L'atmosfera da Love Boat, con tanto di grazie al comandante, ha un riflesso nel secondo frammento. Le cronache di lunedì 23 gennaio riportano che,  durante la partita di calcio del giorno prima tra il Napoli e il Siena, i tifosi del club Napoli Meta (la località dove è nato e abita il comandante) hanno esposto uno striscione: "Comandante Schettino siamo con te". Scandaloso. Non si spiega solo con il campanilismo, perché Schettino è un personaggio tipico dell'Italia di questi anni. Uno in cui molti si riconoscono e che votano alle elezioni.

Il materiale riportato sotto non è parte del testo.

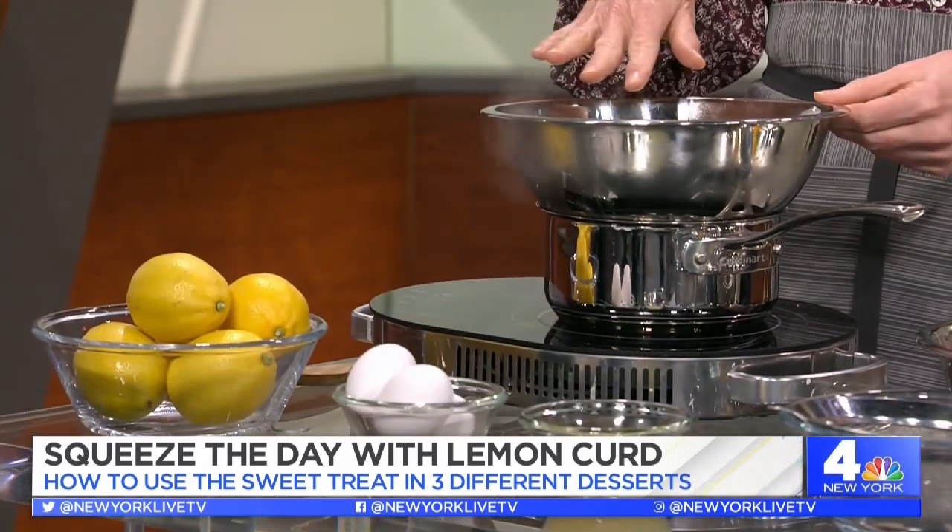So what's the secret to making the perfect lemon curd? One of the tricks is to do it over a nice gentle heat — you don't want to scramble those eggs. So you want a double boiler. The first thing we're going to do: we have butter, sugar, and lemon juice in here, and we've melted it and heated it until the butter melts and the sugar is dissolved.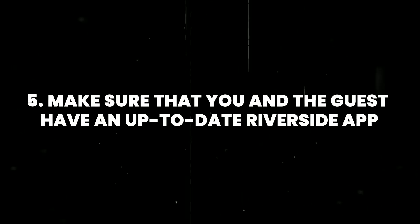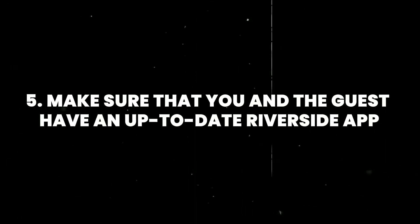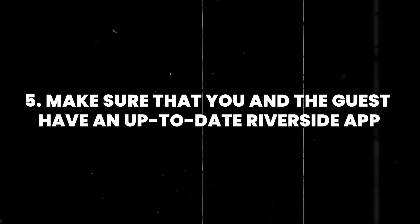Number five: make sure that you and the guest both have up-to-date versions of the Riverside app, because if you don't, that can be a source of issues later on.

A questo punto il quadro è completo. La Costa Concordia è la metafora del nostro Paese, che corre allegramente verso il naufragio con al comando uno sbruffone irresponsabile. Il quale, anche quando è chiaro che la festa sta diventando tragedia, assicura che tutto va bene.
Ma l'Italia non è solo la nave del bunga-bunga. Quando la situazione volge al disastro, arriva un "tecnico" che prende in mano la situazione. E' semplicemente un ufficiale competente, che fa con serietà il suo mestiere. E diventa un eroe.

Gli eroi sono un'altra cosa. Ma oggi in Italia appaiono eroi quelli che semplicemente fanno il loro dovere. Come il calciatore Simone Farina, che rifiuta di farsi corrompere per truccare una partita. Come un capo del Governo che continua a riscuotere il consenso della maggioranza degli italiani, mentre li bastona a suon di tasse e rincari.
Evidentemente abbiamo bisogno di persone così. E siccome alla ribalta ce ne sono poche, in un modo o nell'altro ne facciamo degli eroi.

Consideriamo ancora la figura del comandante De Falco. Il punto-chiave non è il "vada a bordo, cazzo" che ha fatto il giro del mondo. E' quando ordina a Schettino di riferire "se ci sono bambini, donne o persone bisognose di assistenza". E poi: "Con cento persone a bordo lei abbandona la nave?".
De Falco è un marinaio. Uno che ha impressi nella coscienza quei due principi che guidano gli uomini di mare nei momenti tragici di un naufragio: "Prima le donne e i bambini. Il comandante per ultimo".
In fondo non fa altro che imporre il rispetto delle regole. In un'epoca in cui le regole appaiono troppo spesso come inutili contrattempi.

L'eroe di una notte poteva diventare un personaggio mediatico, un frequentatore di talk-show, uno di quei "massimi esperti" del tutto e del nulla che vengono chiamati a pronunciare oracoli e sentenze per ogni occasione. Niente di tutto questo. Continua a fare il suo lavoro come un uomo di governo a cui non interessa vincere le prossime elezioni.

L'interesse sul naufragio della Costa Concordia durerà a lungo. Ci sarà lo spettacolo (mediaticamente grandioso) del relitto che torna a galleggiare. Ci sarà il processo. Nell'aula del tribunale vedremo di nuovo uno di fronte all'altro i due comandanti. Forse ci sarà ancora qualcuno che "farà il tifo" per Schettino. Ma la stragrande maggioranza sarà dalla parte di De Falco. Molti giovani apprenderanno la lezione della responsabilità e del rispetto delle regole.

Alla fine della storia, la vicenda della nave incagliata, metafora dell'Italia incagliata, sembra rivelare un aspetto positivo: qualcosa sta cambiando, se la maggioranza degli italiani si riconosce in persone serie e responsabili. Che non concedono nulla ai riflettori delle cronache, che non cercano il consenso.
Tecnici che svolgono seriamente i compiti a cui sono chiamati, senza riguardo per nessuno. E poi tornano a casa, come i dittatori dell'antica Roma.